Stored data entries:
"""

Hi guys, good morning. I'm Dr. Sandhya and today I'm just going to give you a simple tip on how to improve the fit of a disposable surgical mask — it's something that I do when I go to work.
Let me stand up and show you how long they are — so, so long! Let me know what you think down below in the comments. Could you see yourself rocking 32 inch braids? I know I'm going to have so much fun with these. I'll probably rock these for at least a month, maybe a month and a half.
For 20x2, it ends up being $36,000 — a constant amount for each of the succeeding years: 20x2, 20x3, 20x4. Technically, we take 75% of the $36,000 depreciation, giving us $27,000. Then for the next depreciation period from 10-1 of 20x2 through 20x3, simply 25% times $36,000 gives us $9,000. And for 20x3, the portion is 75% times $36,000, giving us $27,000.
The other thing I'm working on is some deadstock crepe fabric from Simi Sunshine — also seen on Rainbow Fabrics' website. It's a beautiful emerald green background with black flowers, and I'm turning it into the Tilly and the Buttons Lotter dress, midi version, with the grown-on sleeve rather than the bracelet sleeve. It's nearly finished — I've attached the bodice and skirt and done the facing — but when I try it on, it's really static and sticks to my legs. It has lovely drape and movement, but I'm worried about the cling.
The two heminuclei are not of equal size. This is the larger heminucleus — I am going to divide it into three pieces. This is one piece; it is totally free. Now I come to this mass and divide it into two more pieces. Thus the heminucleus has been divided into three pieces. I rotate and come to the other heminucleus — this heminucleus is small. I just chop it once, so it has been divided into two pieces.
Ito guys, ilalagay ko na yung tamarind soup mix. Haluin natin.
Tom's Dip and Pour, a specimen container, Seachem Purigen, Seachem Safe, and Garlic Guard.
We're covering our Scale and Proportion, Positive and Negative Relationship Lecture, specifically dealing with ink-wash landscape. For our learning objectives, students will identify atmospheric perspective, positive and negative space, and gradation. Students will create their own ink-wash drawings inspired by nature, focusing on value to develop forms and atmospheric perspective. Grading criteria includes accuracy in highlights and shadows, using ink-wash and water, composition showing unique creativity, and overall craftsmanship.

"""

*Exercise instructions*
Return exactly the lines above from the line that has "The other thing" through the line that has "Ito guys, ilalagay", inclusive, and nothing else.

*Written answer*
The other thing I'm working on is some deadstock crepe fabric from Simi Sunshine — also seen on Rainbow Fabrics' website. It's a beautiful emerald green background with black flowers, and I'm turning it into the Tilly and the Buttons Lotter dress, midi version, with the grown-on sleeve rather than the bracelet sleeve. It's nearly finished — I've attached the bodice and skirt and done the facing — but when I try it on, it's really static and sticks to my legs. It has lovely drape and movement, but I'm worried about the cling.
The two heminuclei are not of equal size. This is the larger heminucleus — I am going to divide it into three pieces. This is one piece; it is totally free. Now I come to this mass and divide it into two more pieces. Thus the heminucleus has been divided into three pieces. I rotate and come to the other heminucleus — this heminucleus is small. I just chop it once, so it has been divided into two pieces.
Ito guys, ilalagay ko na yung tamarind soup mix. Haluin natin.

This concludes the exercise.